I am trying to determine $E\left[\frac{\overline X}{1-\overline X}\right]$, where distribution of $X_1,\ldots,X_n$ is

$$f(x;\theta)=\theta x^{\theta−1}\quad,\, 0 < x < 1\,,\, \theta > 0 $$

When I try it by definition of $E[X]$ how do I integrate $\frac{\overline X}{1-\overline X}$?

Answer 1

1. $\bar{X} = 1/n \sum X$, call $Y = \sum X$. $Y$ has a known distribution. What is it?
2. $\bar{X} / (1-\bar{X}) = Y / (n - Y)$
3. $E[Y/(n-Y)] = \int Y/(n-Y) dY$

Answer 2

It is probably not easy to exactly compute the distribution. For instance, when $\theta = 1$ then $\bar X$ follows the Bates distribution. That is not easy to integrate over. However, we can approximate the mean by using a simulation or by using a function that approximates the distribution.

Using an approximation of the distribution

We can approximate the mean of $n$ variables $\bar{X}$ by another beta distribution that matches the mean and variance. For this approximate distribution we have the following parameters

$$\begin{array}{} \alpha'&=&\alpha\frac{\alpha n+2n-1}{\alpha+1}\\ \beta'&=&\frac{\alpha n+2n-1}{\alpha+1} \end{array} $$

The mean will be then

$$E\left[\frac{\bar X}{1- \bar X}\right] \approx \frac{\alpha'}{\beta'-1}$$

You should be able to derive this by using integration. I just looked it up from a table. We can do this because the variable $X/(1-X)$ is distributed as the beta prime distribution.

Simulation

With this method we simply simulate a large sample of $\bar{X}/(1-\bar{X})$ and compute the sample mean. If the variance of $\bar{X}/(1-\bar{X})$ is finite then this simulation will get as close as we want.

Coding and comparison

For $\theta = 3$ and $n=10$ we get the following distribution of $\bar{X}/(1-\bar{X})$.

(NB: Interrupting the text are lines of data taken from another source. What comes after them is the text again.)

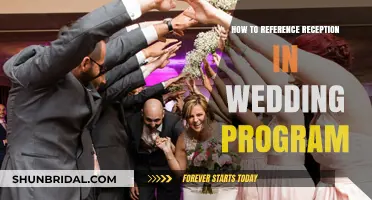 The Wedding Reception: A Guide to Referencing in Your Program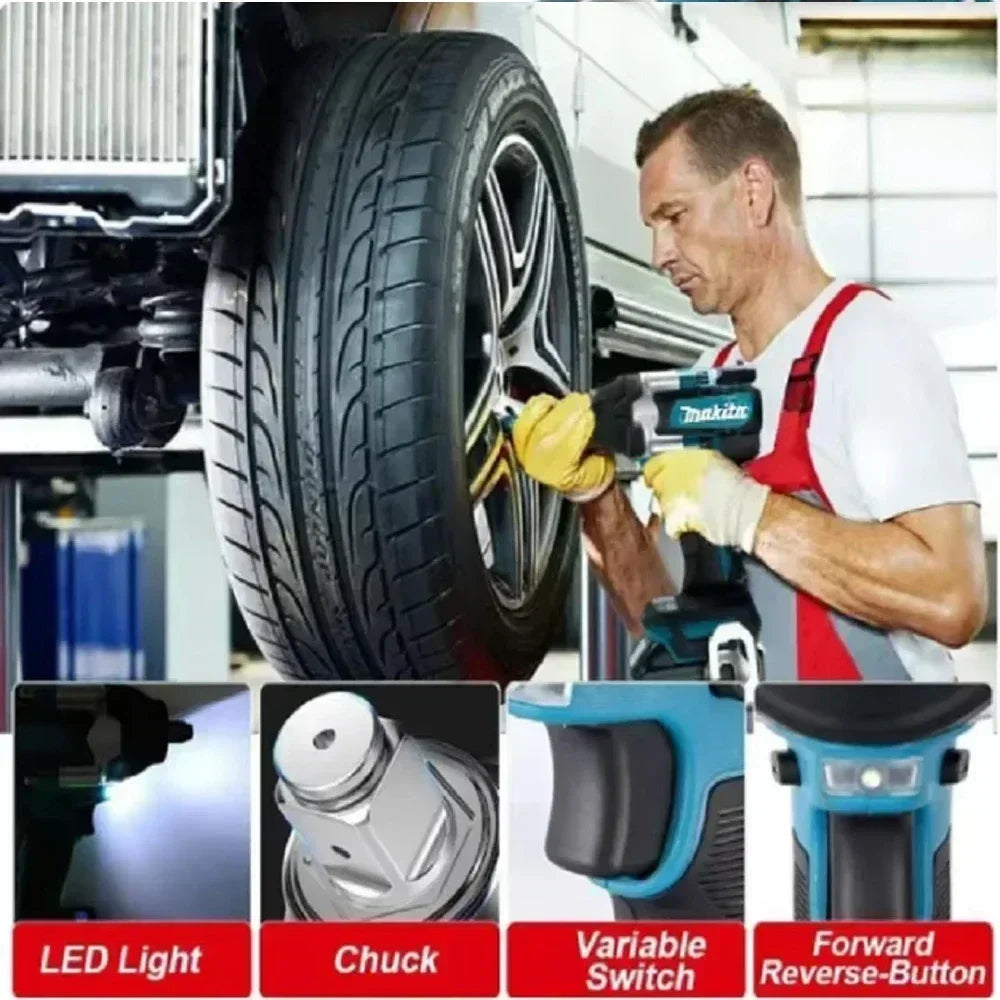 Makita DTW700 18V TBW Brushless Electric Wrench Cordless Drill Screwdriver Free Delivery Large Torque Power Tools Torque Wrench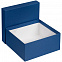 Коробка Satin, большая, синяя с логотипом в Санкт-Петербурге заказать по выгодной цене в кибермаркете AvroraStore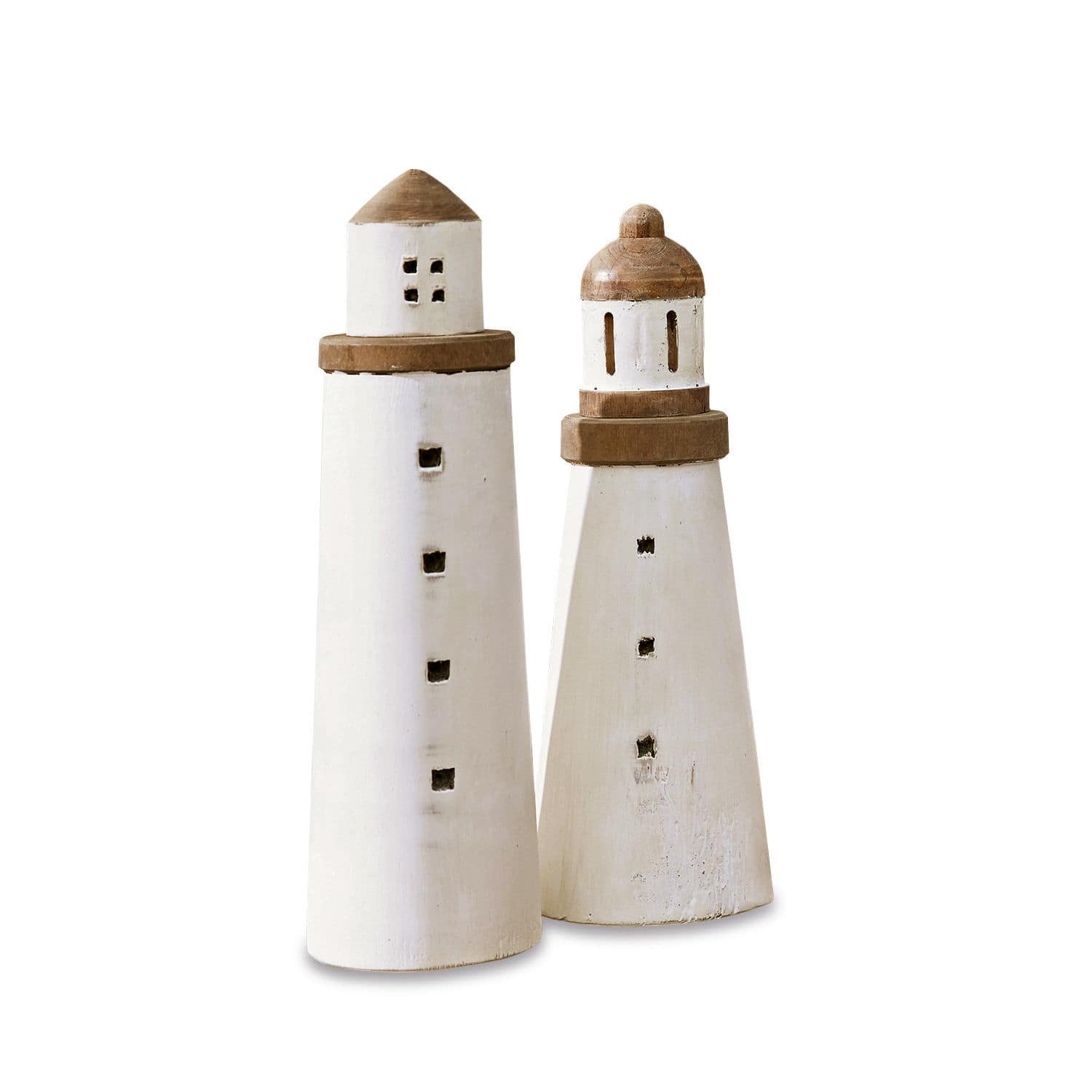 Lot de 2 phares décoratifs Romilly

The histogram is the simulation and the curve is the approximate distribution with $\alpha'$ and $\beta'$.

The results give values

> sum(x/(1-x))/m
[1] 3.273982
> aprox/(bprox-1)
[1] 3.266667

which are very close.

set.seed(1)
theta = 3
m = 10^4  ### sample size for simulation
n = 10    ### number of variables to average

### average of 10 beta variables
x <- rowSums(matrix(rbeta(n*m,theta,1), ncol = n))/n

### approximated variable
aprox = theta * (theta*n+2*n-1)/(theta+1)
bprox = (theta*n+2*n-1)/(theta+1)
xs = seq(0,1,0.001)
y = dbeta(xs,aprox,bprox)

### plot histogram and compare with estimate
hist(x, breaks = seq(0,1,0.01), xlim = c(0.5,1), freq = 0)
lines(xs,y)

### compare approximates of average
sum(x/(1-x))/m
aprox/(bprox-1)